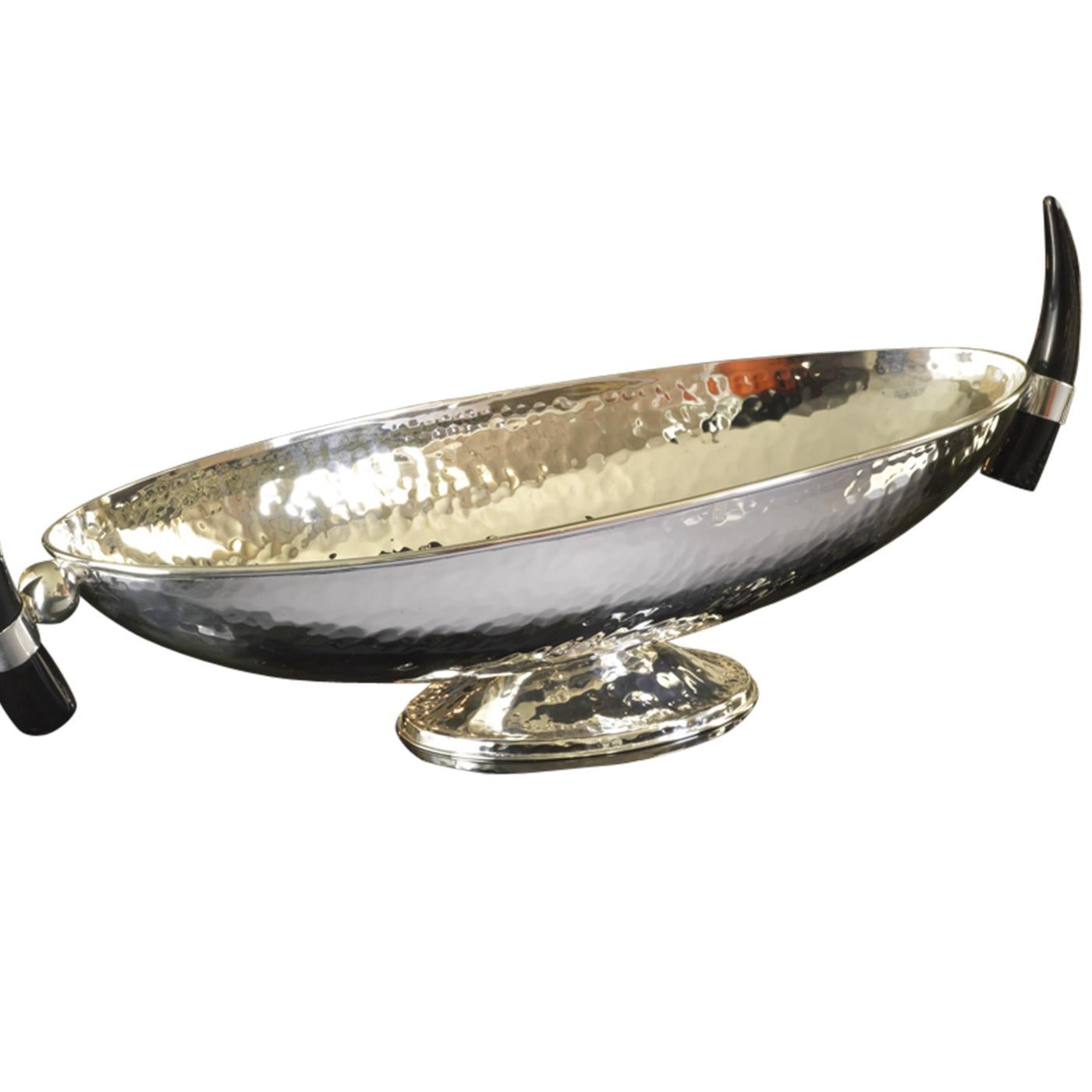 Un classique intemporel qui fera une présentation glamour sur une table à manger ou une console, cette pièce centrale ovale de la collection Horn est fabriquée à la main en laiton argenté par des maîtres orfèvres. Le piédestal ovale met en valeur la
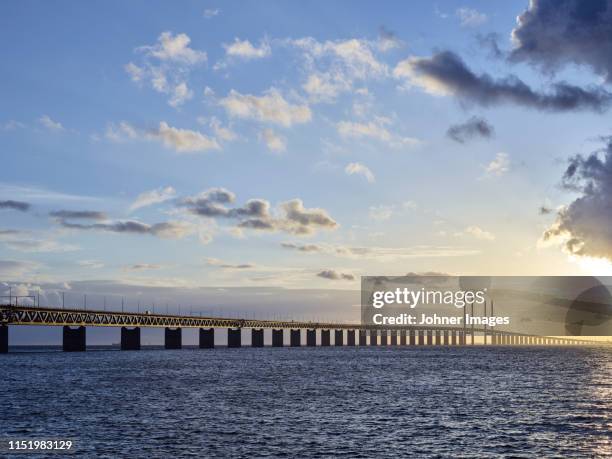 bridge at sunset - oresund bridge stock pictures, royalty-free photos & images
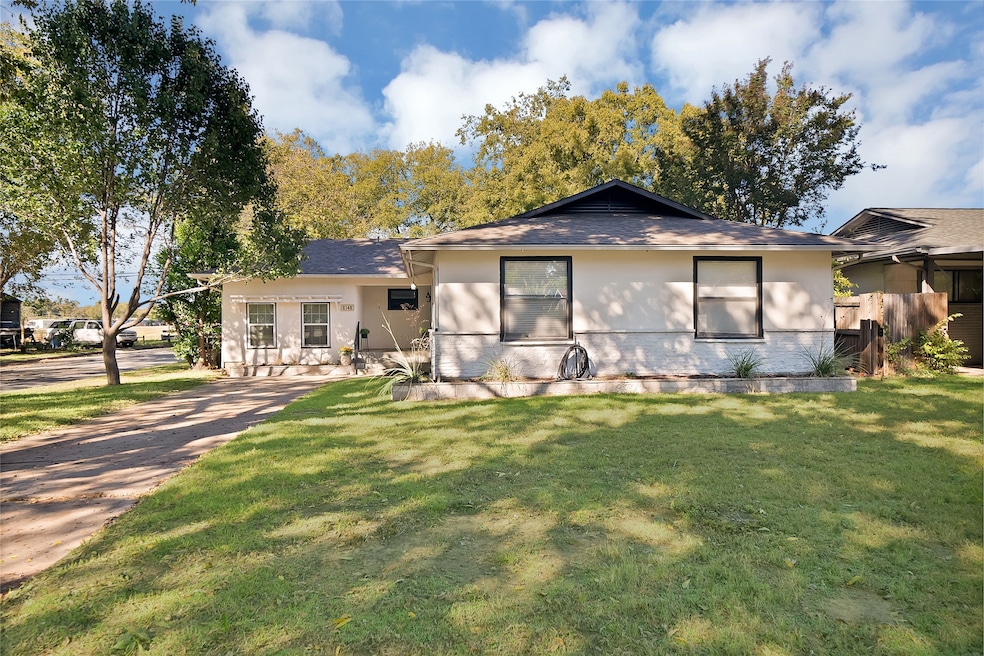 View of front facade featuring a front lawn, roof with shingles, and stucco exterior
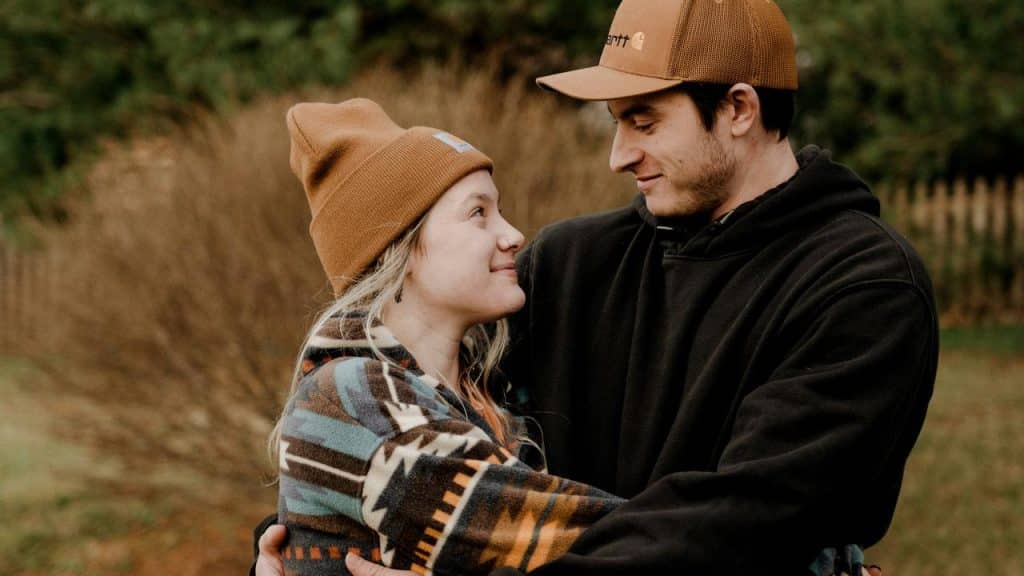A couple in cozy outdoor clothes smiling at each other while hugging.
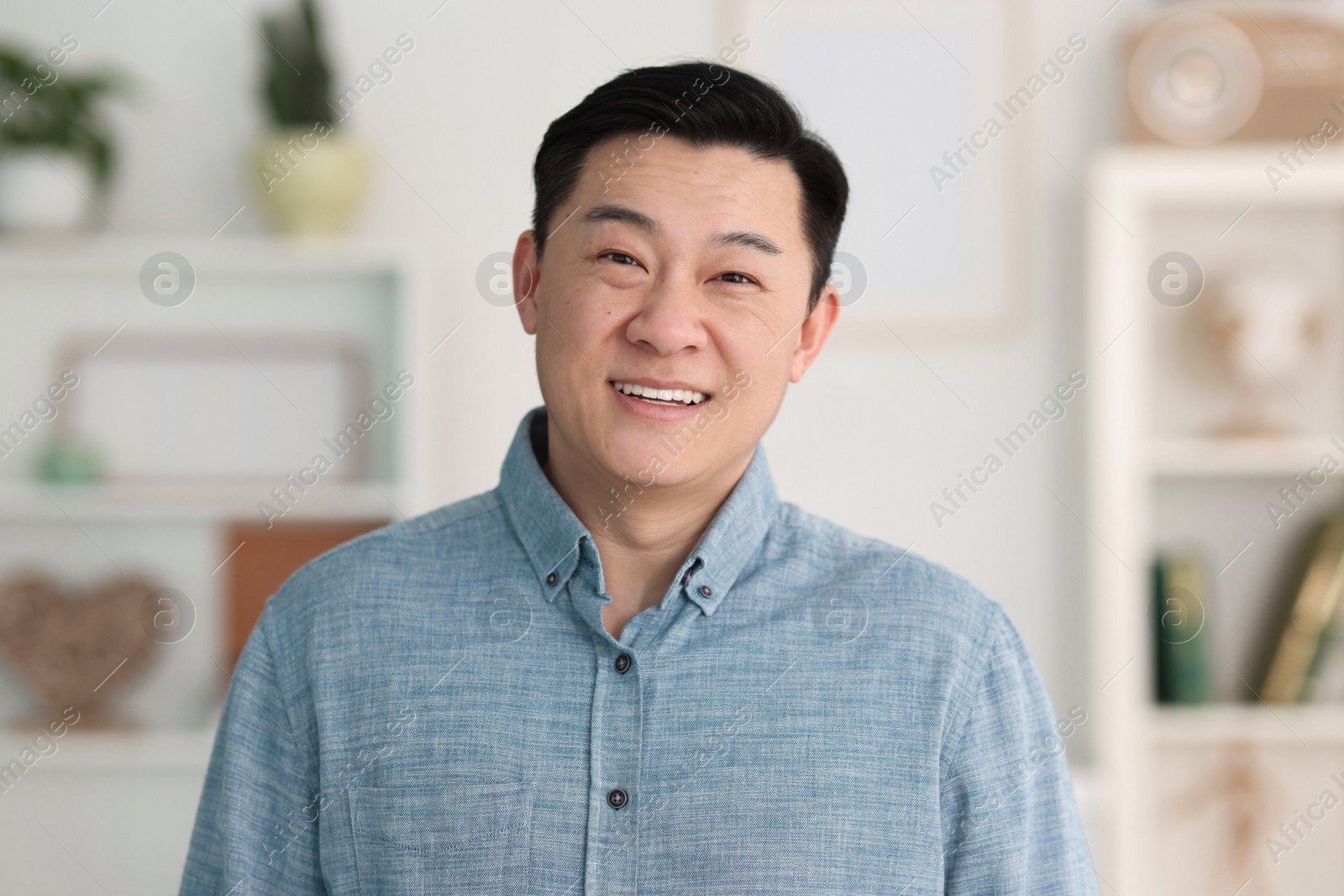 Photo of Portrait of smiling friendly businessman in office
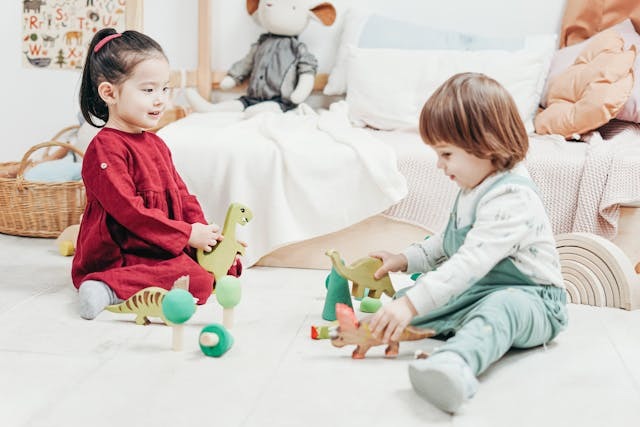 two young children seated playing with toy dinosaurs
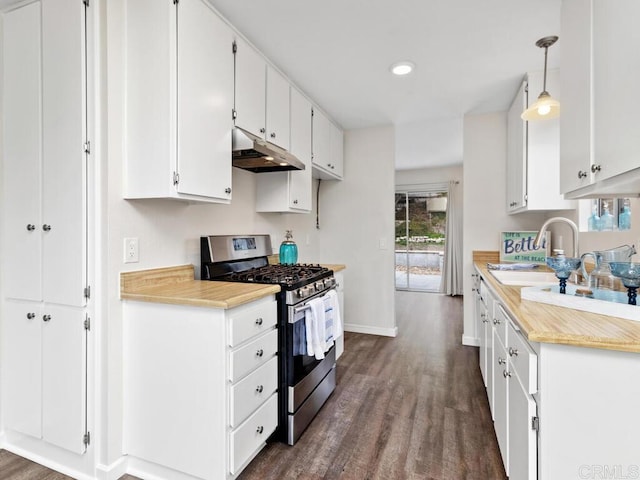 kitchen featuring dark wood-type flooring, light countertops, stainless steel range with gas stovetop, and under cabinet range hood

**GOAL OF THE EXERCISE:** Pictures are to be left out when the entries above are repeated exactly.

**WRITTEN ANSWER:**
 Un classique intemporel qui fera une présentation glamour sur une table à manger ou une console, cette pièce centrale ovale de la collection Horn est fabriquée à la main en laiton argenté par des maîtres orfèvres. Le piédestal ovale met en valeur la
 bridge at sunset - oresund bridge stock pictures, royalty-free photos & images
 View of front facade featuring a front lawn, roof with shingles, and stucco exterior
A couple in cozy outdoor clothes smiling at each other while hugging.
 Photo of Portrait of smiling friendly businessman in office
 two young children seated playing with toy dinosaurs
 kitchen featuring dark wood-type flooring, light countertops, stainless steel range with gas stovetop, and under cabinet range hood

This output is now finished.